I've had a jolly good time working on this recipe these past two weeks. And just in time for 4th of July!
And considering that the boys have had to endure several 'tastings' sigh...someone has to do the dirty work, enough said!
So it has the building blocks of your good ole' tiramisu - the luscious cream with homemade mascarpone (preferably), Italian imported sponge finger biscuits and also the espresso.
But herein lies the deviation, to keep the flavors quite summery and not strong on the coffee, I've diluted the espresso with water just for a hint of flavor. The cream is as is traditionally made by whipping egg yolks and sugar into thick creamy ribbons. To which is added the mascarpone and whipped cream. I've also added lemon emulsion which I'm always raving about and is key to getting that light summery flavor which pairs perfectly with the berries.
The egg whites are whisked with a touch of cream of tartar to soft snow white peaks and folded at the very end to the mascarpone cream.
So here's how you assemble; 1st the coffee dipped biscuits, then the mascarpone cream, layer of sliced macerated strawberries (only), remaining biscuits, remaining cream and into the refrigerator to chill for 12 hours.
Macerated mixed berries at the very end served directly onto individual servings to avoid the berries bleeding onto the delicate cream.
As always, use the best quality ingredients (eg use vanilla bean paste not imitation extract) and I think you'll really enjoy this for the holidays!
I cannot emphasize just how delicious this turns out. It is delicate, luscious and just plain old fabulous!
However, not the best choice for outdoor events where it will be sitting in the hot sun. Best served refrigerator to plate!

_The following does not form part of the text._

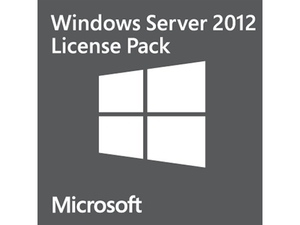 Microsoft Windows Server 2012 - 5 User CALs - OEM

Here are some troubleshooting tips:
So what do you do if your cream is runny?
For peace of mind, I add agar agar to water and whisk on the stove until just thick and syrupy. I then dump this into the mascarpone cream and whisk like mad so streaks don't form. After which you just assemble as usual.
Agar Agar by the way, is an age old vegetarian thickener from algae that has been used for hundreds of years in Asian cooking.
You really do need to chill the tiramisu overnight or for 12 hours.
So what if you do not have 12 hours (and have only 6 hours)?
Avoid adding the egg whites at the end (since they are composed mainly of water & will thin the cream down) and definitely do the agar agar syrup into the cream.